The blossoming of trekking holidays is a sign of revolt against the ease of travel. Despite the boom in the trouble-free holiday deals, there are still those who are willing to forgo a few comforts to escape from the packaged superficiality of tourism, but would prefer the Trekking operator to do the worrying.

Cost and comfort are not always the factor; three weeks overland in North Africa could cost almost £100 after food and extras, say Minitrek. Though Siafu's ' landcruiser ' offers air-conditioning and aircraft seats, trekking is a more obvious holiday for the young and hardy. Hence the companies try to keep under the fortyyear-old maximum.

The Overland trip is the romantic alternative to the neat package of charter jet, uniformed dolly from Croydon and two weeks by an overcrowded hotel pool. On the treks there is the chance to see the natives, bargain in the ancient souks, buy oranges by the string or a jasmin garland from a doe-eyed boy offering his wares in half a dozen European languages.

Above all, the trekking holiday offers the chance to experience the local life before it too becomes submerged under the steam roller of Americanised materialism. To capture the flavour of a culture unchanged for a thousand years, to experience at first hand and with an exerpienced guide, what the Victorian traveller risked mind and body to find.

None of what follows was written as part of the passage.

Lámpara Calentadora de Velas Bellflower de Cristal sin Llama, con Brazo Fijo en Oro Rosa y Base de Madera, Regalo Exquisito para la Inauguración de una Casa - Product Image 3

On the other hand, three weeks in a minibus with ten to fifteen assorted strangers takes a particular kind of kindred spirit. Though I am not the pioneering sort any more, the Lawrence of Arabia in every suburban Briton has called thousands to go trekking to the Sahara and Himalayas.

Even my husband is off to Morocco filled with images of desert warfare and the ancient city of Marrakesh. Perhaps trekking will revive those delightful personal travel books with superb titles like With the Memsahib through Somaliland.

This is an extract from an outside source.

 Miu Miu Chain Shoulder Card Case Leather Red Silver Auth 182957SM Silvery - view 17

So trekking is a welcome addition and antidote to the general travel scene. It attracts the young who have never had much physical challenge and excitement and the older people who want to recapture the adventure of youth before it is too late. Adventuretrek have a series of Land-Rover tours mostly with flights to connect. Moroccan tours continue through the winter and for those with time there's a 1973 nine-week European tour. In Morocco there is a tour which concentrates on the coast rather than the desert.

Stay-put trekking with an accent on camping, communal sports and sightseeing but with simple food and living conditions can be experienced at the Costa Dorada beach club with two weeks from around £37. Transtrek has a large winter programme of tours including a twentynine-day tour of Tunisia, Algeria, and Morocco.

Minitrek, one of the pioneers of this type of tourism, have divided their holidays between 'action holidays' of the budget camping style for the eighteento thirtyyear-olds, taking groups of ten to fifteen people in Land-Rover or minibus to places like Iceland for two weeks for £124; Lapland overland for one month for £83; or a month in Persia including air travel to Istanbul and back is £143.

For older people there is the connoisseur series of holidays intended to •be more serious geographical explorations. These include husky sledge crossings of the Greenland ice cap, and across the Vatnajokull glacier in Iceland by sno-cat. Hotter trails include four weeks in Afghanistan for £339, three weeks in Ethiopia for £80.

The longer distance exploration of remote areas has become a speciality of International Treks Organisation who list such trips as a five-month all-India tour for £300; and six weeks in Persia to the Valley of the Assassins for £5.

It seems logical that while Land-Rovers get you closer to unspoilt country than coaches, horses and mules are going to get you into even more remote countryside. The pony trekking holiday is better organised in Britain than abroad but, in southern Spain, Aventura holidays have a fifteen-day tour of the Sierra Nevada mountains on horseback for groups of eight using old mule trails through the cliffs and canyons of the area.